Review of Stars (1959)

Moving picture, 91 minutes

Seen in 2026.

In the siege of Leningrad, a nameless German corporal developed an appreciation for carefree chimpanzees, an animal he’s probably never seen. He appreciates the quiet summer of rural Bulgaria, where he is stationed to recover from his personal losses. Like Hitler, he was a bad painter before the war. Here, he is friends both with his local workers in the motor pool and with a lieutenant who takes advantage of the shashlik as well as the women. One day, a train rolls to a stop here. It’s full of Jews from Greece. It is still only 1943. They won’t be staying very long.

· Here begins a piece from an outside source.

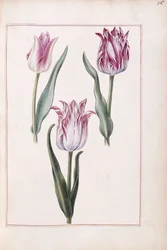 Tulpen, 18. Jahrhundert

Though the film has a little extradiegetic music, dreamlike double-exposure edits, mildly Russian-formalist cuts, and even a central romance of sorts, it is still beautiful in its simplicity and its realism. By working primarily on a small scale with fewer adornments than Hollywood, the film embodies “Walther”’s moral dilemma, where a small-scale solution to a large-scale problem seems futile to him at first.

Over the course of the film, “Walther” slowly raises the stakes of his involvement, from merely doodling on the clock to supplying weapons to Bulgarian partisans aligned with Petko, a local man who never openly identifies as a communist but says there are more like him, with names like Vasily and Ivan. When he says this, Petko is lit low key, looking as close to glamorous as you get in this East German co-production. It is a rare case of sincerity in an accessible fiction film, both when it comes to its depiction of the Holocaust and its own production as pre-stagnation Soviet propaganda.

References here: Schindler’s List (1993).